By Patricia Karau – PFIL staff
Francis Kimeu is standing at his mango farm (right in the middle) holding his waist with both arms. He takes a glance at what is now his pride and joy. If only he knew what he knows now, perhaps he could have better fortunes -but this is not the time for what ifs. The past belongs to history. A history he would erase if he had the ability to- but this is not the time for what ifs.
Francis requests we move under a shade before the sun gets too hot lest we wake up to sunburns the next day. He takes a long deep breath then nostalgically narrates his challenges from years back.
The father of four has been a mango farmer for 14 years in his Kingeleti village, Makueni County. The county is among the leading regions in the production of mangoes. And you’d be excused to think that if this is the case, then the farmers have been doing very well-financially.
Francis, who is now sixty-six years old, states that farmers in his region have had to endure low prices for their mango produce in spite of their good performance. Due to some brokers who at times would purchase them at very low prices.

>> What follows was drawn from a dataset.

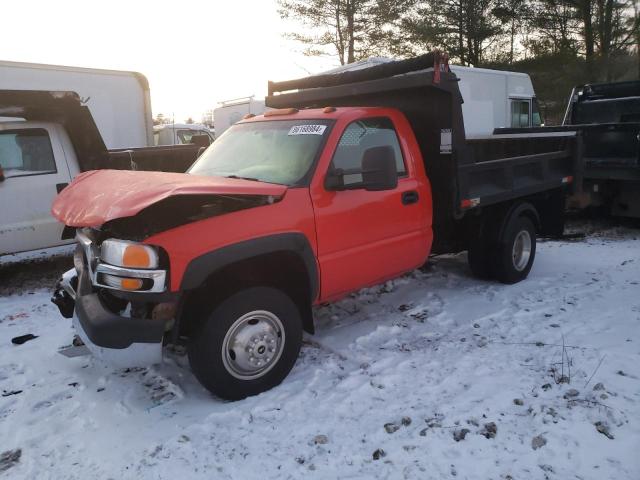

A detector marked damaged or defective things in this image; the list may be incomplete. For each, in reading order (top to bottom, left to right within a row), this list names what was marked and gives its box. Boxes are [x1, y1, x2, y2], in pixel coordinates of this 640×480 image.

crumpled hood [52, 170, 288, 228]
damaged front end [52, 229, 175, 368]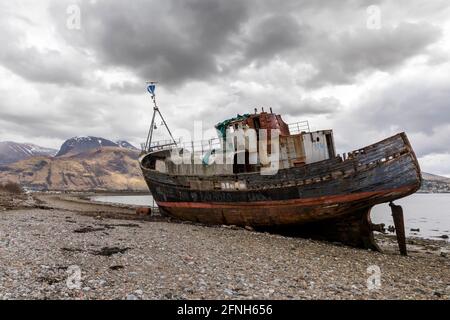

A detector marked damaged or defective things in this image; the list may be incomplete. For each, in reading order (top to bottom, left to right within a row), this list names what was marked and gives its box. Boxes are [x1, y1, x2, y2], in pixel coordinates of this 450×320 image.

rusty metal structure [140, 86, 422, 254]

“There has been no notable improvement in the price they offered farmers. They would at times buy small quantities and at lower prices . There have also been heavy post- harvest losses because of lack of market. Even cows used to eat mangoes to their fill and still the mangoes went to waste.”
The story of Diana Muema is no different to that of Francis. Together with her husband, they have been mango farmers since the year 2000. But in these 20 years, they had nothing to show for their hard work.

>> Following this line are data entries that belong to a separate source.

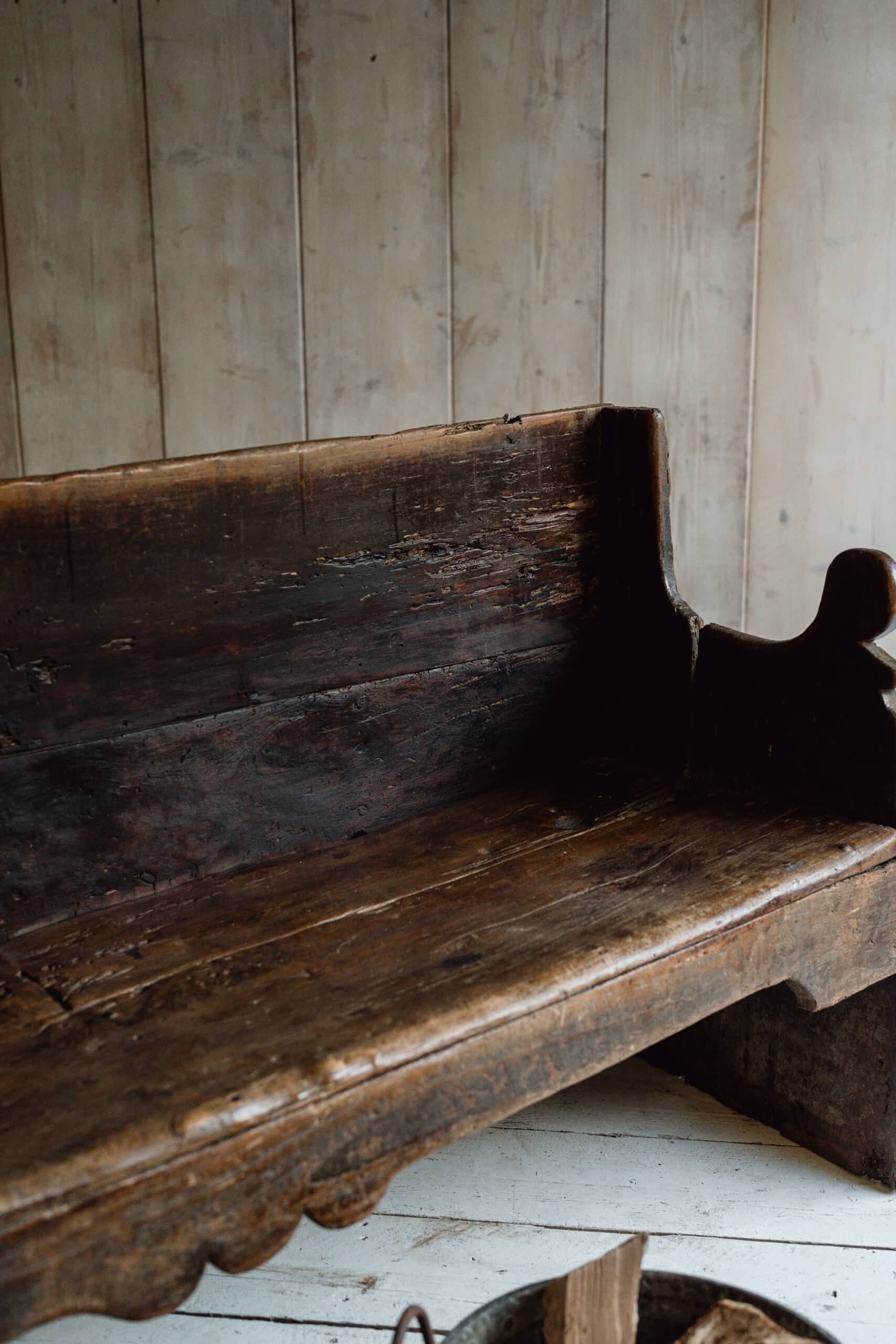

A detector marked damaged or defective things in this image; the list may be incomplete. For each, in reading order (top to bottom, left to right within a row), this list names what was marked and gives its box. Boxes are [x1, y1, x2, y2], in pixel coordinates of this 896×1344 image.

rusty metal handle [389, 1301, 435, 1344]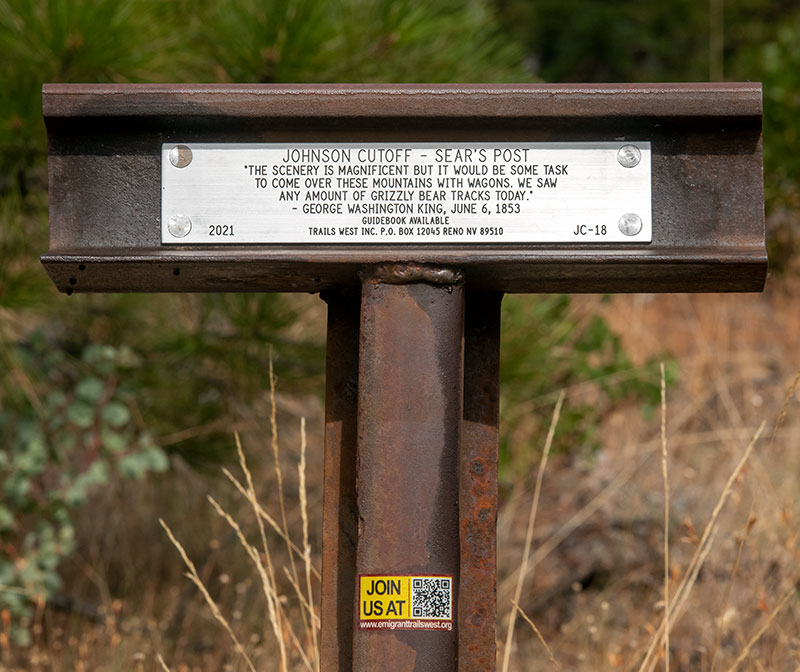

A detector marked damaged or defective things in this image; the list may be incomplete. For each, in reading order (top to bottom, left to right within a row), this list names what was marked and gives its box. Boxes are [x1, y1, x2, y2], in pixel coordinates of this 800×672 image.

rusted metal post [320, 292, 360, 672]
rusted metal post [354, 266, 466, 668]
rusted metal post [460, 294, 504, 672]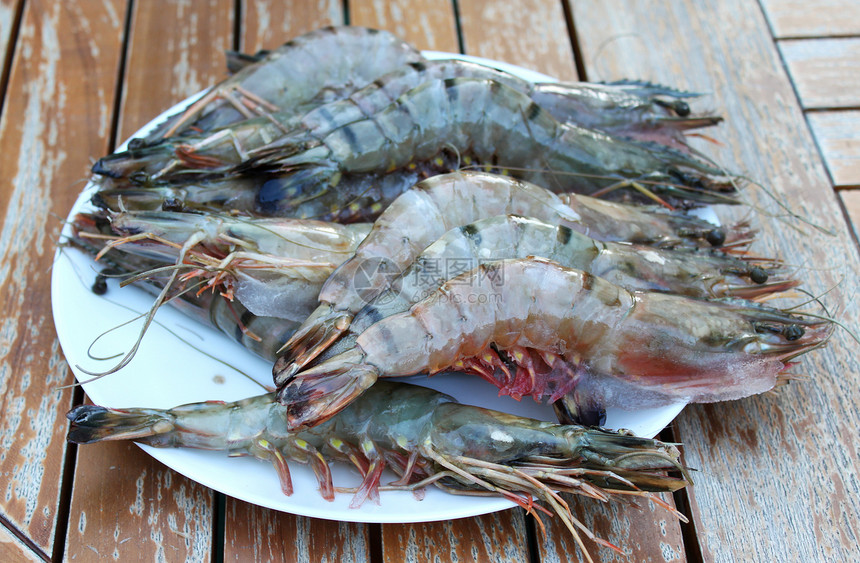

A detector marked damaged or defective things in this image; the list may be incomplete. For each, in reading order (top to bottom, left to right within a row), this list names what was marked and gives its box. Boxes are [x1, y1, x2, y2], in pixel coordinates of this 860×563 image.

peeling paint on wood [0, 0, 124, 556]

All hope was not lost for these farmers among others.
In 2019, Premier Food Industries Ltd. (PFIL) in collaboration with AgriFi Fund through the financial support of the European Union and the Slovak Aid started a pilot project to contract mango farmers in two regions- Makueni and Kwale counties. The aim of the project is to link the farmers directly to PFIL to help maximize their returns.

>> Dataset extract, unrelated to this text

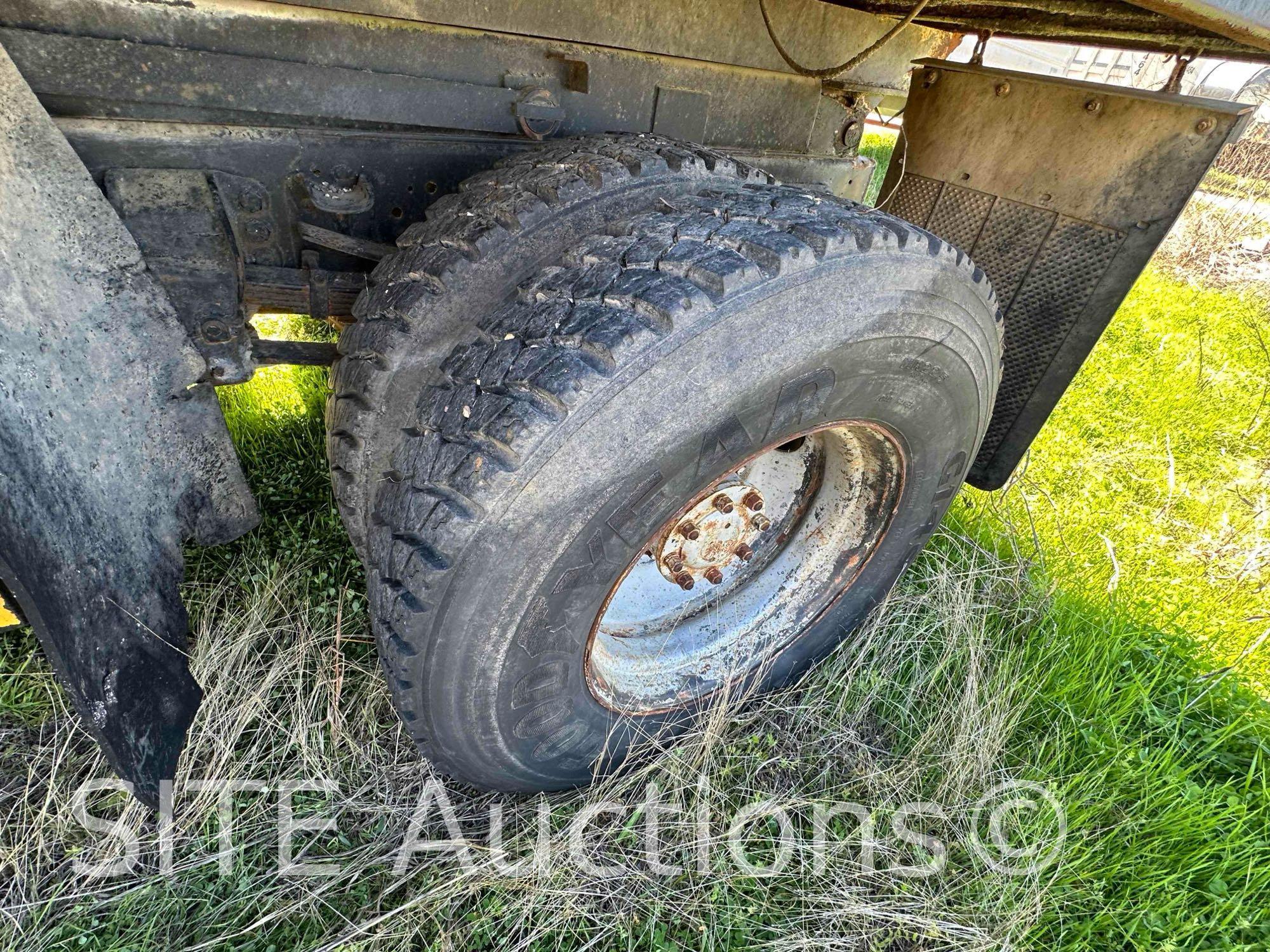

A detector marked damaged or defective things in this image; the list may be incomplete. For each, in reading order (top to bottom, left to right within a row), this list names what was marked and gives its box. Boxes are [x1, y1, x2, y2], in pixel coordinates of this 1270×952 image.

rusted metal bracket [879, 58, 1255, 487]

By contracting the farmers directly, PFIL eliminates middlemen thus providing a ready market for their produce. In addition, the project offers extension services to the farmers in these regions and also trains them on sustainable farming practices to maintain high quality produce.
“I have seen a big difference since I enrolled in this project with PFIL. The trainings that PFIL has offered us have helped me and other farmers. They have trained us on proper pest and disease management, pruning, among other things. The booklets that they also gave us a few weeks ago have also been helpful. They have good information that a farmer, if they follow, will get good results from his mango trees. The booklet has personally helped me maintain good tree hygiene which keeps away pests”, Francis says
PFIL through the extension officers, regularly send the farmers messages on good agricultural practices too.
“The messages that they have been sending out have been of benefit as they help farmers maintain a proper spraying routine while spraying the right chemicals”, affirms Francis.
Francis is now happy that since the project started, he is able to meet most of his family needs something that was an uphill task before this project.
Diana and her husband now rest easy knowing that they need not to worry about the future of their family because the returns from their mangoes will sustain them.
“I would encourage anyone who wants to grow mango trees to do so. With the availability of a ready market-which by far was our biggest challenge, regular trainings and follow up by the PFIL staff, the ‘conditions’ for growing mangoes at the moment are conducive. We are grateful for the work that PFIL has done”, Diana all smiles says.